'Nightline's' original anchor Ted Koppel reflects on show's 40th anniversary, fighting COPD and the coronavirus

Koppel hosted "Nightline" for 25 years.

On Tuesday, exactly 40 years after "Nightline" first aired, "Nightline" co-anchor Juju Chang interviewed Koppel, who pointed to another "much bigger" crisis capturing much of the U.S. public’s attention: the coronavirus pandemic.

He said the pandemic is especially relevant to him because of the way it affects people with chronic obstructive pulmonary disease (COPD), a condition that his wife, Grace Anne Dorney Koppel, was diagnosed with in 2001. The two have been advocating for awareness of the disease and helping to fight it ever since.

"I don’t think people understand how much of a national problem COPD is and how relevant it is to what’s going on right now," Koppel said. "Because coronavirus … attacks the lungs."

People with COPD, Koppel said, are "probably more vulnerable" to COVID-19, "than almost any other group." The National Institutes of Health says people with COPD risk having serious complications from the COVID-19 virus, which includes trouble breathing, persistent pain or pressure in the chest, new confusion or inability to arouse and bluish lips or face.

COPD is a group of diseases that cause air-flow problems and issues with breathing, according to the Centers for Disease Control and Prevention. Chronic lower respiratory diseases, but primarily COPD, are the third leading cause of death in the U.S.

As people across the U.S. are directed to practice social distancing to stop the spread of COVID-19, Koppel said his wife has been training him "in this art for a long time."

"We have been doing elbow bumps rather than handshakes. Washing our hands constantly," Koppel said. "She keeps reminding me not to touch my face; that’s been going on for many years now."

Koppel said he and Dorney Koppel had set up a number of pulmonary rehabilitation clinics around the country whose patients had been told not to go due to social distancing despite needing the help the clinics provided.

He said more people need to take the infection seriously, and spoke about the thousands of people who could be seen celebrating spring break on Florida beaches last week and disregarding calls from local officials to social distance.

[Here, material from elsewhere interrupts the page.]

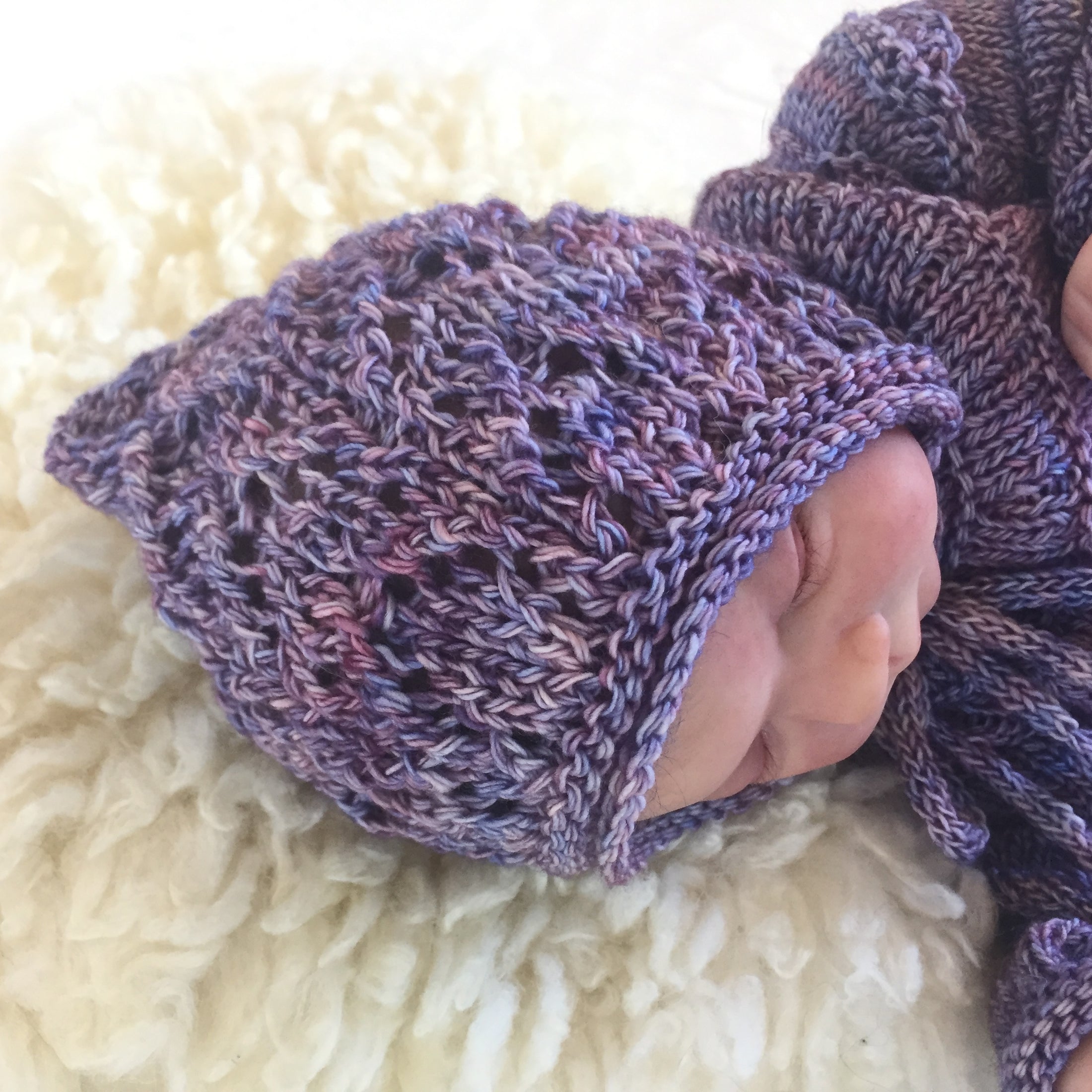 Falling Leaf Bonnet - Knitting Pattern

"Unfortunately, I think we find that people only begin to take things like this seriously when someone in their circle becomes critically ill, or even worse, tragically dies," Koppel said.

Koppel said older adults who may believe they’re safe from the virus also need to "wake up" to the reality of the disease.

"It really is too serious. It’s going to be too damaging. We’re already seeing what’s happening around the country," he said, noting that New York had become the epicenter of the crisis in the U.S.

He offered one last message to people across the country who might feel like they've lost perspective from the barrage of information and misinformation that’s been spread as a result of the coronavirus.

"It’s time more than ever in this country to come to the realization that what we need more than anything else, is reliable, credible journalists," he said. "The fact that so much information is being conveyed by people who have no background in journalism whatsoever but do have the ability through the internet to communicate absolute nonsense and sometimes damaging nonsense over the internet. This is a time when rather than questioning the credibility of the media, we need to reinforce it."